Where do you start?
With a promise to yourself, your boss, your company or client -- if the company can't measure the output don't spend the money.
So when finance asks for a breakdown of what the marketing budget was spent on, you can match that with a breakdown of the sales impact and what that means for next years marketing budget and sales figures.
These are just some examples:
X amount spent on a TV commercial promoting a sale item = X amount of sales of the promoted item.
X amount spent on billboard campaign with SMS short code = X amount of SMS reponses
X amount spent on branding campaigns in a year = X amount of uplift in brand recognition in independent surveys.

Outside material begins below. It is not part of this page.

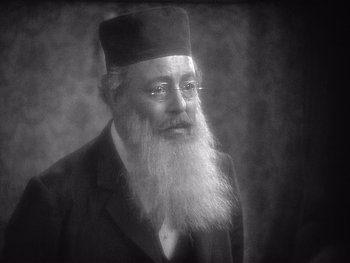 Movie still from “The Jazz Singer” (1927), directed by Alan Crosland – An old man with a long beard wearing a hat; Close Up shot, Low angle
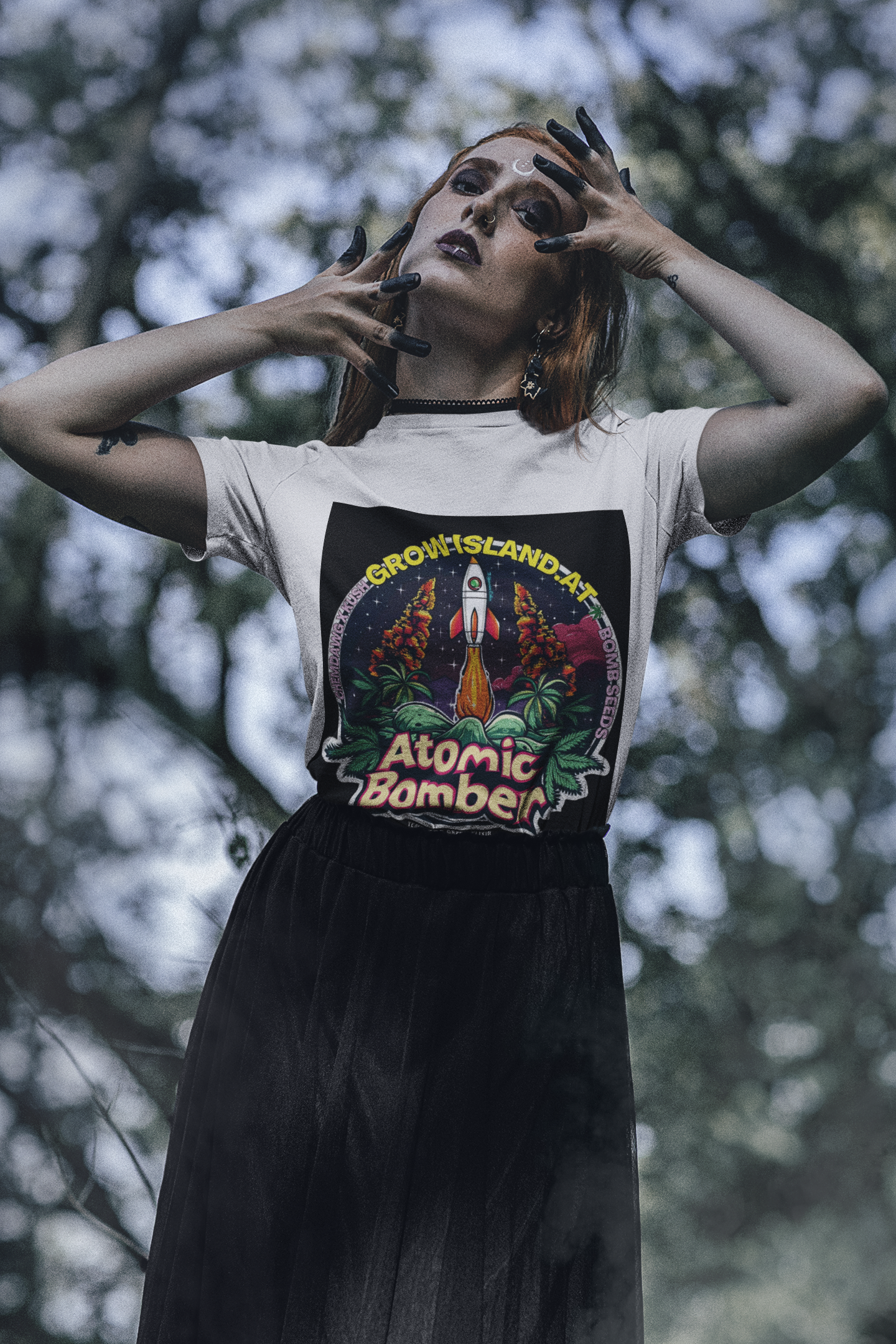 Eine im Dark-Stil als Hexe geschminkte Frau steht im Wald, trägt ein weißes Atomic Bomber T-Shirt und einen schwarzen Tüllrock.  Im Mittelpunkt steht eine startbereite Rakete zwischen Cannabisblättern, die vor einem brennenden Himmel und in kosmischer Atmosphäre zum Leben erwacht.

X amount spent on a print campaigns = X amount of sales with different discount codes.
X amount spent on an email affiliate promotion = X amount of leads generated.
X amount of spent on a trade show = X amount of sales meetings arranged after the event.
You get the picture.
Hmmm well I hear you say it isn't that simple in reality, as distributors won't give you the data, or there are issues internally that prevent you from using direct response techniques as that is owned by another department, sales won't tell you the effect of your campaigns, we don't have a CRM system to track that, or you have no analytical skills.
These are all excuses and yes it becomes difficult to measure across multiple channel campaigns, but it is still possible.
Keep that promise - if the company can't measure the output don't spend the money.